#### What to do
Please show all lines of the records that include "Graph".

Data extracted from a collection
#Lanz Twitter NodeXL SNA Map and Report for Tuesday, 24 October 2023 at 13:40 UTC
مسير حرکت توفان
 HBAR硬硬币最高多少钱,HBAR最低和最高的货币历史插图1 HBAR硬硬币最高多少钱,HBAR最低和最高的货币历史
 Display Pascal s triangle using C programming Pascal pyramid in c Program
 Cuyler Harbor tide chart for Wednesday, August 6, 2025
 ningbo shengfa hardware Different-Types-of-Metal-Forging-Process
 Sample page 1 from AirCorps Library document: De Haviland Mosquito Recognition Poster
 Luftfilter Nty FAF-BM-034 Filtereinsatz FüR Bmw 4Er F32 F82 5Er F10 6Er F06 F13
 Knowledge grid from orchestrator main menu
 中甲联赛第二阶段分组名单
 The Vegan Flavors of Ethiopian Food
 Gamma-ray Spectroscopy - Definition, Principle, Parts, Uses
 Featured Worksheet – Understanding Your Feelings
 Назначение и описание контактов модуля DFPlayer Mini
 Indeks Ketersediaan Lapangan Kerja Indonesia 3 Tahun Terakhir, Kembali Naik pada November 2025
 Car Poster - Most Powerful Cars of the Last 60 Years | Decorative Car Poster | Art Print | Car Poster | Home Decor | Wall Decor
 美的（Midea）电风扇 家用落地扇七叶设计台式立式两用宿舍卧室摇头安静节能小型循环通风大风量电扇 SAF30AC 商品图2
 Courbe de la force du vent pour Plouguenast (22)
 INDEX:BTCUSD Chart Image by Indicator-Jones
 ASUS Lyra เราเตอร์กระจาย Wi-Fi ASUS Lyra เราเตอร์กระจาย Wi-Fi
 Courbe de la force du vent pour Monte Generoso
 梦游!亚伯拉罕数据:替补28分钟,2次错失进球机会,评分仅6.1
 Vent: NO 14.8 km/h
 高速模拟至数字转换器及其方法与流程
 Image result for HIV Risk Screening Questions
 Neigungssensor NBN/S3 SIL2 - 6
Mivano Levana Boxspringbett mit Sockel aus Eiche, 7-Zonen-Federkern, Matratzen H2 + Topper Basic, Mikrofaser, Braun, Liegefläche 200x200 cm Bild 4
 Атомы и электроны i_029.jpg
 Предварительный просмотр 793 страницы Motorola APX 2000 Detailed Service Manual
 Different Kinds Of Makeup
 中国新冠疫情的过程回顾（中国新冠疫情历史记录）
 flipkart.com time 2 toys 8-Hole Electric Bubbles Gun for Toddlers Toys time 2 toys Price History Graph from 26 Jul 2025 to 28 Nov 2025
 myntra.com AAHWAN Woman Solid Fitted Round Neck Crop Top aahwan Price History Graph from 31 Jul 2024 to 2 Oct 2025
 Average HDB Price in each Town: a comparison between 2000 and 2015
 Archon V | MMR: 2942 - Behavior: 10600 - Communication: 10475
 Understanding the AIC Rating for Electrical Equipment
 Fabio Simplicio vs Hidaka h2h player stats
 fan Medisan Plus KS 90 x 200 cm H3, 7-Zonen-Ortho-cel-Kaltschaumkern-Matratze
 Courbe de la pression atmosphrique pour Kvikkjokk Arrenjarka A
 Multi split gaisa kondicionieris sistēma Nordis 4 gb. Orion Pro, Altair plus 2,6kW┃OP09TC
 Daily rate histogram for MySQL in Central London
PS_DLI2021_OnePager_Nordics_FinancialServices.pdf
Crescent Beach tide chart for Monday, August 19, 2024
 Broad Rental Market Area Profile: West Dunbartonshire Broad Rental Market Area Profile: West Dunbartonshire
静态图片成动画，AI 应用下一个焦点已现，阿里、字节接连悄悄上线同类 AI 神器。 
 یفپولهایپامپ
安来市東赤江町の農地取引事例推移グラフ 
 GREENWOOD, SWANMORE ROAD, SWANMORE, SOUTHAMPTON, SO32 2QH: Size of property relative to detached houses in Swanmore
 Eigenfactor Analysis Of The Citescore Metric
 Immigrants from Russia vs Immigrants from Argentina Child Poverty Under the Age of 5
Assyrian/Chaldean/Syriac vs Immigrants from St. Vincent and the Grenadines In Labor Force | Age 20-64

#### Task answer
 flipkart.com time 2 toys 8-Hole Electric Bubbles Gun for Toddlers Toys time 2 toys Price History Graph from 26 Jul 2025 to 28 Nov 2025
 myntra.com AAHWAN Woman Solid Fitted Round Neck Crop Top aahwan Price History Graph from 31 Jul 2024 to 2 Oct 2025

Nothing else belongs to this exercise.